Some stereotypes exist for a reason. Not only does Canada keep reserves of this most sticky export, but there was a national scandal in 2012 when thieves were discovered to be syphoning off barrels.
The chief perpetrator of the Great Canadian Maple Syrup Heist (yes, that’s the official name) has since been fined millions of dollars for his crimes. Luckily, you can get your hands on a bottle of the finest for a lot less, and it tastes better than anything you can buy in India.
Does your poutine squeak? Canadians know that the starchy, savoury mess of fries and brown gravy isn’t really poutine unless it’s topped with cheese curds so fresh they squeak between your teeth. These food souvenirs will survive in your suitcase if you buy the freshest ones possible and refrigerate them immediately.
We probably don’t have to sell this one too hard. Cheese bread in any shape or form is an automatic win, and Filipino cheese bread is no exception. It is different, though – milky, cheesy brioche buns with a crunchy layer of sugar on top. Hitting both sweet and salty notes, these rolls are serious multitaskers and make for unforgettable food souvenirs.
The vivid purple hue of this cake comes from the ube, or purple yam, that gets mixed into the batter. The delicate yet distinctive taste makes ube cake a staple at Filipino celebrations, where it’s often frosted with coconut. Stash some snack packs in your carry-on so you can munch on tiny purple cakes like a fairy princess.

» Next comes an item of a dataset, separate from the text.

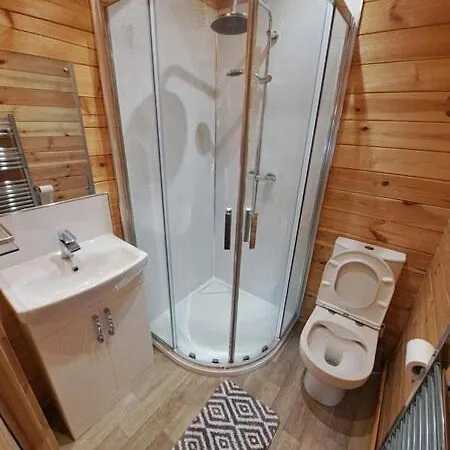 아파트 The Woodland 휫비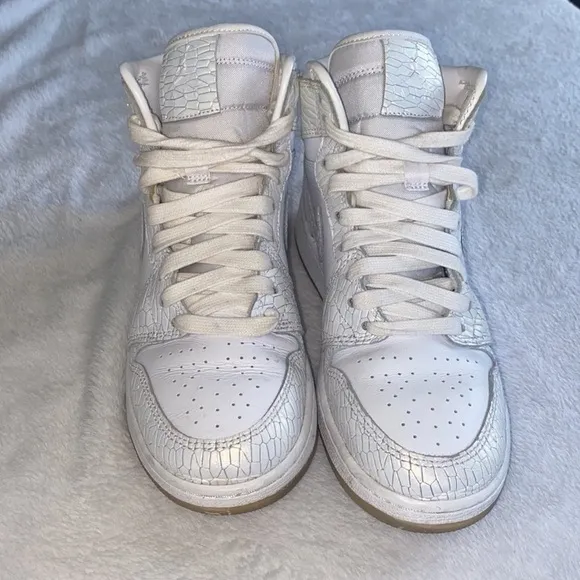 Nike Air Jordan 1 Retro Hi Premium Heiress 832596-100 Youth Shoes size 5Y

Traditionally made during the Lunar New Year, these tiny embellished cakes are almost too pretty to eat. They’re surprisingly heavy, with the crumbly golden pastry encasing a dense filling. Although they can be made savoury, sweet lotus seed paste is the OG. It’s meant to be sliced into triangles like a full-size cake, but if you can’t resist biting right in, we won’t tell.
Namkeen or mithai? With bak kwa, the answer is yes. Thin slices of dried pork are glazed with soy sauce, spices, and sugar to create this popular Lunar New Year delicacy. It’s chewy, slightly crispy, sweet, and savoury – so whatever your craving of the moment happens to be, bak kwa is the solution.
Salted egg chips
The Singaporean obsession with salted egg flavouring extends to an endless array of pastries and snacks. It makes sense once you realise that salted egg tastes neither like salt, nor like eggs. Instead, it’s rich and custardy with a savoury hit – just what you want from a crunchy chip. Ordinary potato chips are a good option, and if you like seafood, you should give the salted egg fish-skin crisps a go. As long as it’s salted egg, it’s all good.

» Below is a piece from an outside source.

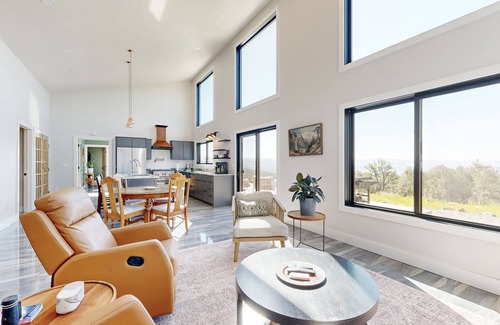 Cedaredge House | Serene mountain retreat with panoramic views & family-friendly amenities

Kaya toast is the ultimate Singaporean street food breakfast, and it’s a fantastic start to the day. Cafés spread this coconut jam and a hefty slab of butter between toast, designed for dipping in coffee and an optional soft-boiled egg. Take your bun-maska game to new heights with a jar of kaya.
Marmite is the Maleficent of condiments, a dark goopy villain who is really just misunderstood because she can’t be Nutella. Yet Marmite is packed with umami flavour and fortified with essential B vitamins, so a spoonful goes a long way. Stir it into your soups and sauces, spread it on your buttered toast, and fall in love. Find your one true jar with variations like chilli, peanut butter Marmite, and the newly released truffle Marmite.
The second best part of afternoon tea is the fancy tiered trays and dainty cups. The best part is clotted cream. Scones, after all, are merely a vehicle to transport clotted cream into your mouth. While British biscuits like shortbread or Jaffa cakes will always find space in your luggage, make some room for a shelf-stable pot of the good stuff.
Sarawak layer cake
Picture this: You’re sitting in a bakery in Malaysia when you spot this towering slice on the counter. You lock eyes and it’s love at first sight. This stunning creation is the Idris Elba of cakes, guaranteed to draw gasps and swoon wherever it goes. Is it a work of art or a straight-up snack? You be the judge.